When we are cleaning data from a relational source, and some values cannot be cleaned. Should it be put in an exception/error table? What do you suggest the structure of this table be?

A:  

Sid Adelman’s Answer: You have a number of choices when you find data that can’t be cleaned and, depending on the importance of the data and the need for completeness, you may decide to throw the row away completely, to put in a value indicating that it is invalid, insert a null value or, as you suggest, put in an exception/error table. Your decision will depend upon what you expect the users to need (do they need all the rows?), their ability to understand missing, flagged and null values. If you do put the unclean data in an exception table, what are you expecting the users to do with it? What purpose will this table serve? (It would be very difficult for the users to work with this exception table.)

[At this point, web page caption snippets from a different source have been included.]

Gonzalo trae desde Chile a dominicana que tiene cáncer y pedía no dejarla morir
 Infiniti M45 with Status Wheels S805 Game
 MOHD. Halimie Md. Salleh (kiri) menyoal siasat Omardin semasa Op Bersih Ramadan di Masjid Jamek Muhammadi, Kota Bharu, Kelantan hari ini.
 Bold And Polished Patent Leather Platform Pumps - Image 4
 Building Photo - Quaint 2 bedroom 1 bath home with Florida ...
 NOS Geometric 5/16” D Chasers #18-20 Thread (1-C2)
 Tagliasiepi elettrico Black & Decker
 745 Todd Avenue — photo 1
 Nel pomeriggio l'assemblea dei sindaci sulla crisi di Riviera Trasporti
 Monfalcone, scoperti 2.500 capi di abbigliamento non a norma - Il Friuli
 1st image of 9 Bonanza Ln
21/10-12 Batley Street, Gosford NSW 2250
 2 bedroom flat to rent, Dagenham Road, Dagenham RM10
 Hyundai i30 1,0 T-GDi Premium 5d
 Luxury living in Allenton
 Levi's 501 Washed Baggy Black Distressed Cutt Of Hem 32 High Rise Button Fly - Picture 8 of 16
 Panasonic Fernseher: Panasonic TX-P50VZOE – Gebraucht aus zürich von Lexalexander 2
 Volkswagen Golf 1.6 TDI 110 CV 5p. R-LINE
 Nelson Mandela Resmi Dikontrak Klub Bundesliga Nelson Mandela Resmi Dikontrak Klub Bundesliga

David Marco’s Answer: The answer to your question is maybe. Sometimes I load these values into an error table, other times they are loaded into the data warehouse. Which you do is up to the business users assessing the system. As far as the table layout, I recommend going to the Real-World Decision Support (RWDS) newsletter http://www.EWSolutions.com/Newsletter.asp and looking up Mike Jenning’s excellent two-part article on operational meta data. In this article he provides a good beginning layout. Look at the first two issues of RWDS in the archives.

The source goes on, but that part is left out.